There’s plenty more to Lifelike, from Sam Taylor-Wood’s video of a bowl of fruit slowly rotting, to Susan Collis’s pile of discarded junk that’s really made of rare woods (holly, bird’s-eye maple), precious metals (silver, platinum, white gold), and gemstones (black diamonds, garnets, mother of pearl). The most provocative pieces provide classic Walker WTF moments, and there are some—like Evan Penny’s “(Old) No One,” an eerily lifelike human head—that are in a class of amazement all by themselves. Trust me, if you look at that guy for more than five minutes, he will haunt your dreams.
In its entirety, Lifelike constitutes a multifaceted meditation on the nature of “reality,” by proving how easy it is to fool the senses into thinking something isn’t what it seems. After all, when you see a bathtub full of water embedded vertically into a wall, you know something’s amiss. The delight comes first in being tricked, followed by the satisfaction of learning how the trick is done. (Important note: read the plaques on the wall and listen to the audio accompaniment, or you won’t be quite so satisfied.)

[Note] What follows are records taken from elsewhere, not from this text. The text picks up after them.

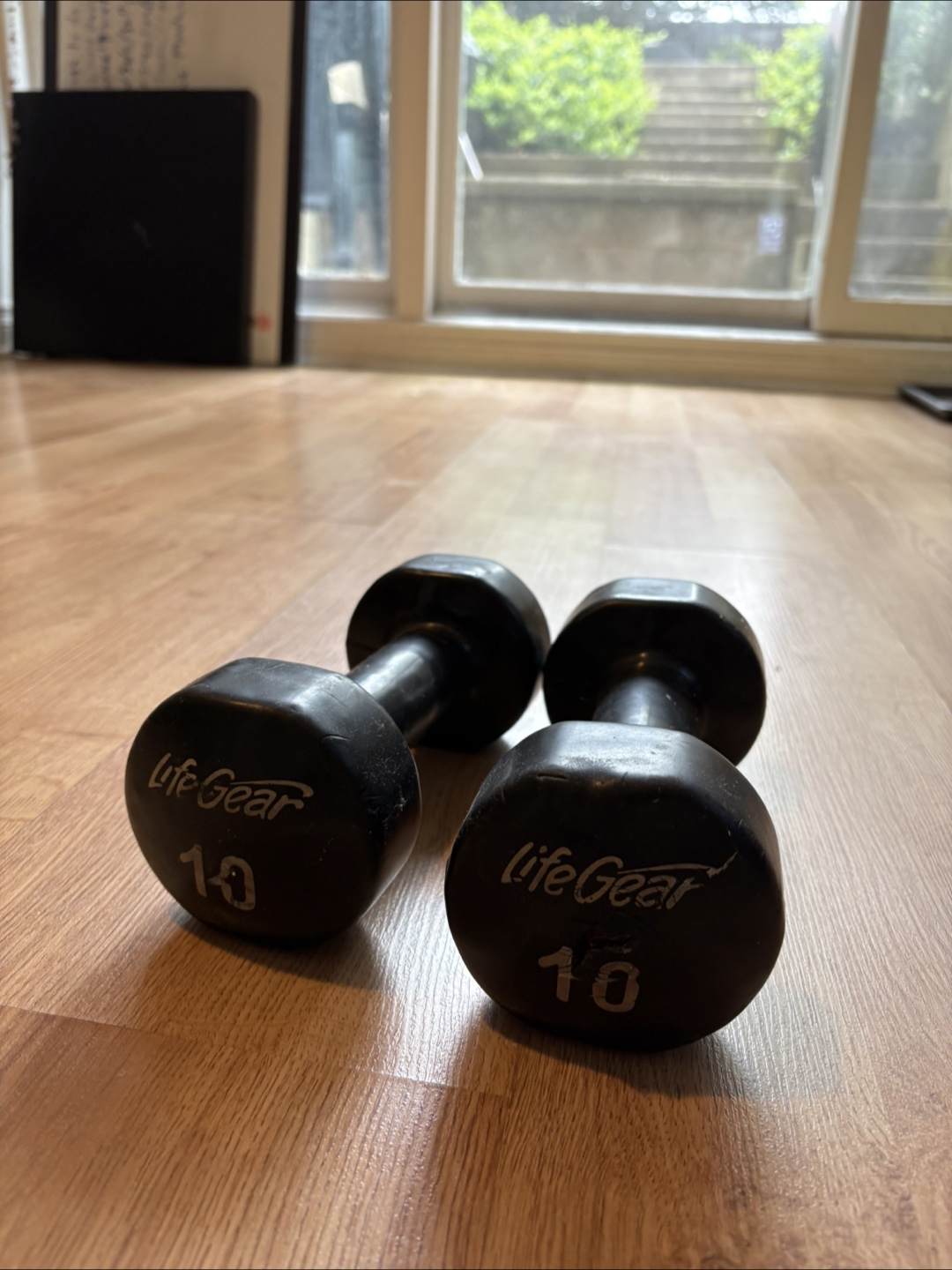 10lb Dumbbell Pair – LifeGear – Well Used, Still Works
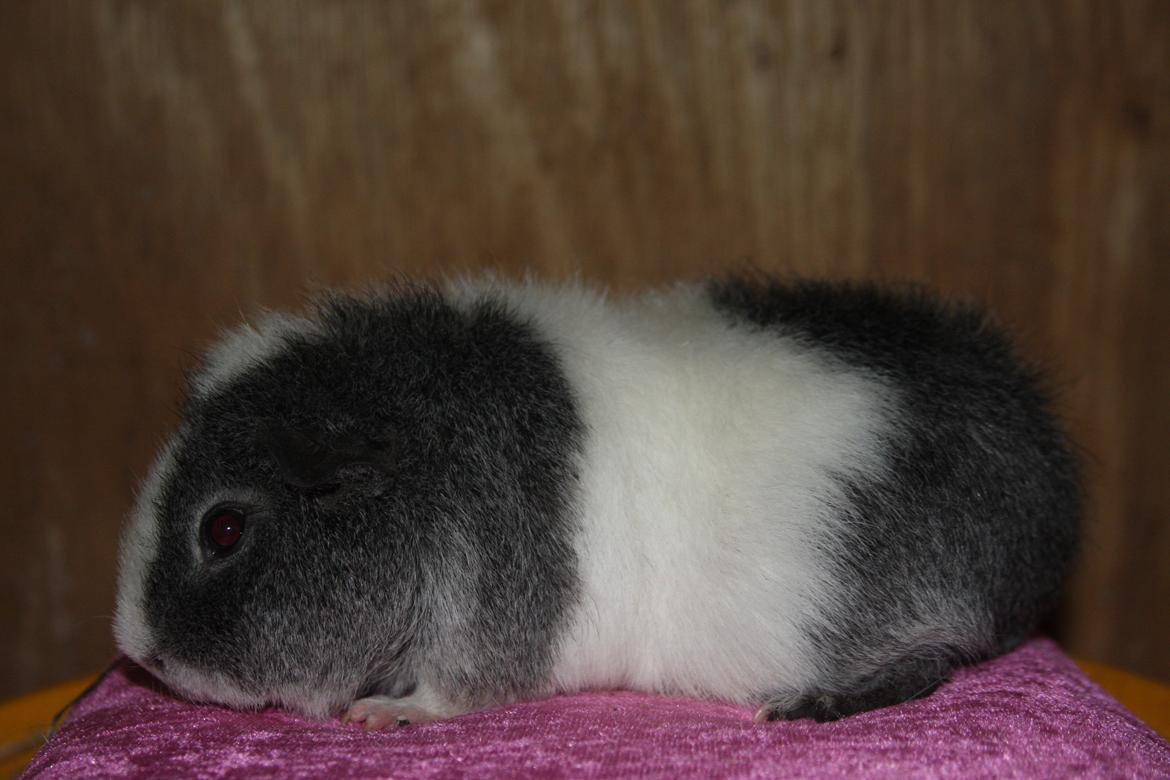 Marsvin Pixie von Firkløver billede 3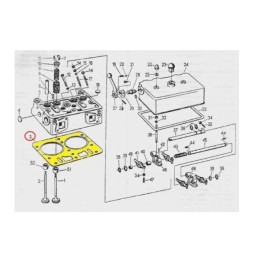 Dažyta galvutės tarpinė c 330 c 330m c 328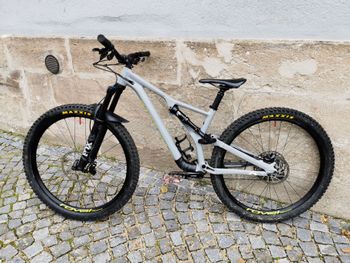 Specialized - Stumpjumper Comp Alloy 29, 2020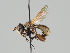  ( - KWi-948)  @11 [ ] CreativeCommons - Attribution Non-Commercial (2018) Marko Mutanen University of Oulu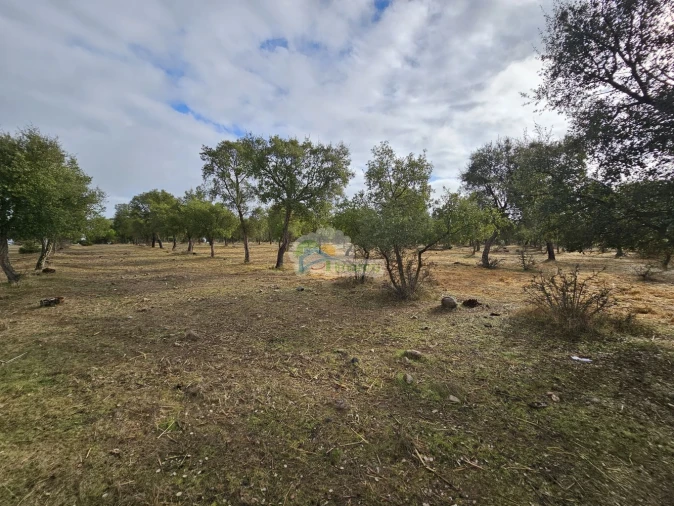 Quinta T2 para Venda em Granja Foto 4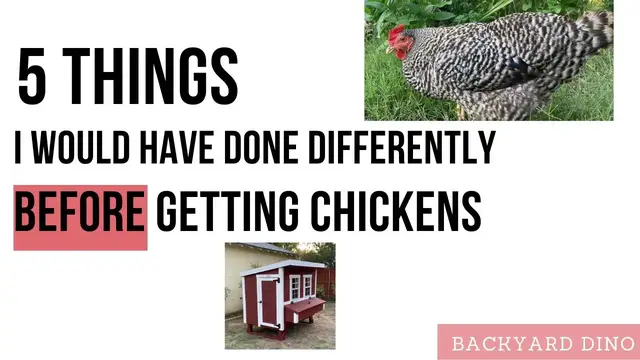 'Video thumbnail for BEGINNER'S Guide to Chickens - Lessons Learned for Next Time'
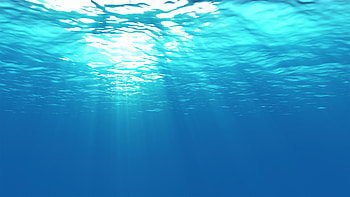 Awesome Underwater Scenes Collection: Underwater Scenes HD wallpaper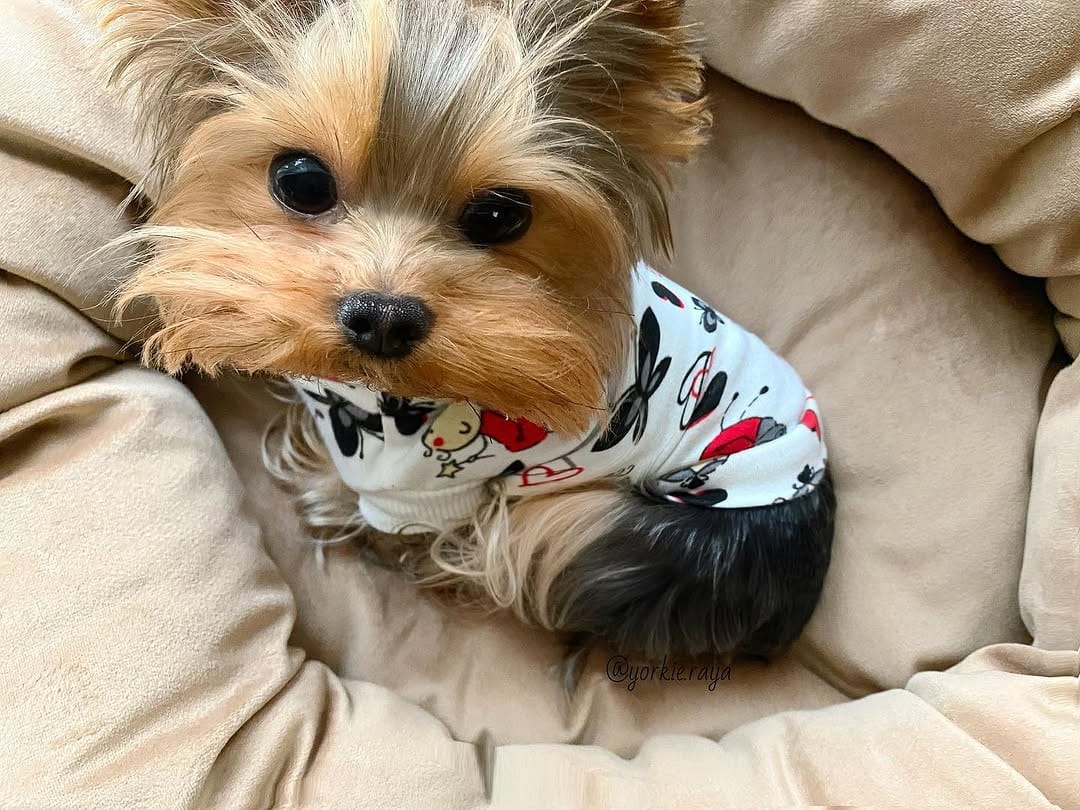 Post 8 by Yorkies Gram on Instagram (image)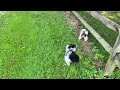 Miniature Poodle dogs for sale: Chevelle - Video 2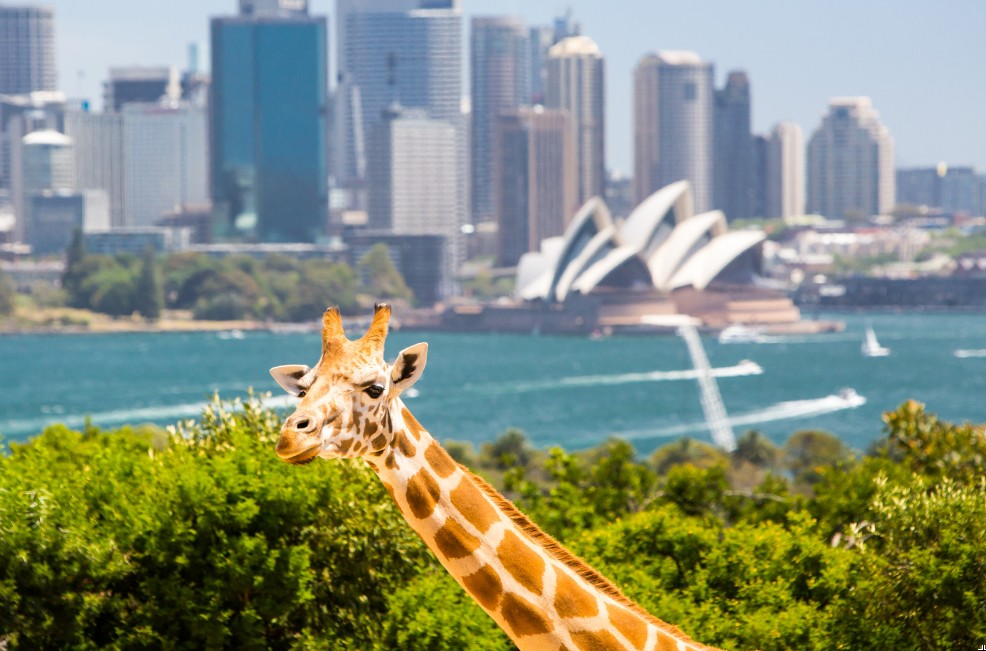 Taronga Zoo, Sydney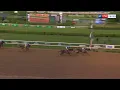 GOLDEN TEMPO is the Belmont Stakes and Kentucky Derby champion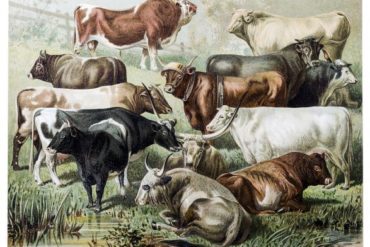 Cattle Illustration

Which is to say, Lifelike is a quintessential Walker exhibit: clever, provocative, cheeky, absurd, challenging, funny, whimsical, political, philosophical, confusing, and relevant. In the age of “truthiness,” we need more than ever to be reminded that the world is full of lies. What better way to accomplish this than to mount an exhibit that admits up front it is B.S.-ing you. All you have to do is figure out how.
Lifelike continues at the Walker Art Center through May 27.